As a slight aside - is the latest Tiagra kit any good?

Cheers

Paul


----------



## Bigtwin (4 Jun 2009)

Wigsie said:


> Dont confuse him! ha ha




Sorry.


Hmmmm....scandium's nice...


----------



## Black Sheep (4 Jun 2009)

having read nothing but the first post

no you don't need carbon, you might like it

some carbon frames can be heavier than alu, however, alu can be quite harsh and dead in that there may be no spring to it, carbon can be woven to allow for some give to soften the ride when alu doesn't, hence why many people choose carbon forks, it damps the vibrations from the road.
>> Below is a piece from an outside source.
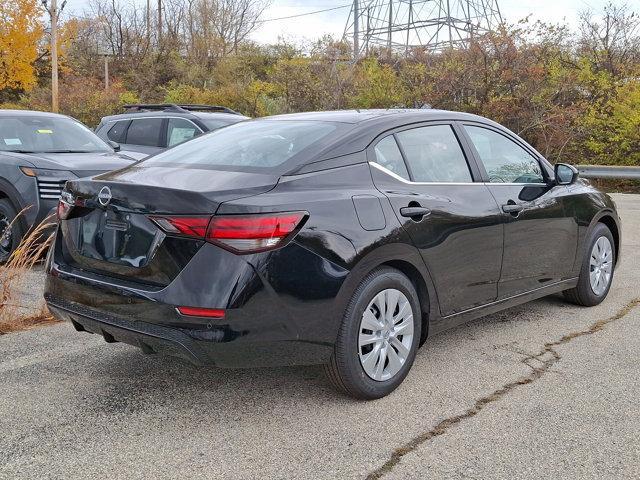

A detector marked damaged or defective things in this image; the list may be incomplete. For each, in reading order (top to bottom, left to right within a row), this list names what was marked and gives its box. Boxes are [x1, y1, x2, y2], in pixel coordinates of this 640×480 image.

something steel does well but with a slight weight penalty.
guess my preference


----------



## Paulq (4 Jun 2009)

Wigsie said:


> Dont confuse him! ha ha
> 
> So why did you not talk to them? afraid they would talk you into the carbon?
> 
> ...



Afraid I would talk myself into it really. It's a perfect 'form over function' example going on in my head. Don't even go there with Titanium - I will lose the will to live.

Cheers

Paul


----------



## Wigsie (4 Jun 2009)

I think they are ok, if you havent used 105/ultegra etc you will probably think its great.


----------



## Paulq (4 Jun 2009)

Black Sheep said:


> having read nothing but the first post
> 
> no you don't need carbon, you might like it
> 
> ...



Strong one for making vague recommendations? 

Paul


----------



## Bigtwin (4 Jun 2009)

Paulq said:


> Afraid I would talk myself into it really. It's a perfect 'form over function' example going on in my head. Don't even go there with Titanium - I will lose the will to live.
> 
> Cheers
> 
> Paul



The answer is actually perfectly simple.

Carbon frame with Al forks and rear triangle. Ti post and stem. Scandium spoke nipples.


----------



## iLB (4 Jun 2009)

go for carbon, i wish i had, now i'm just getting another bike


----------



## Paulq (4 Jun 2009)

Bigtwin said:


> The answer is actually perfectly simple.
> 
> Carbon frame with Al forks and rear triangle. Ti post and stem. Scandium spoke nipples.



Are you a politician? You were doing very well til that. 

Paul


----------



## Bigtwin (4 Jun 2009)

Paulq said:


> Are you a politician? You were doing very well til that.
> 
> Paul




Look Look! Closely. You put "Ti" in your post without even noticing it. Didn't you - oh yes.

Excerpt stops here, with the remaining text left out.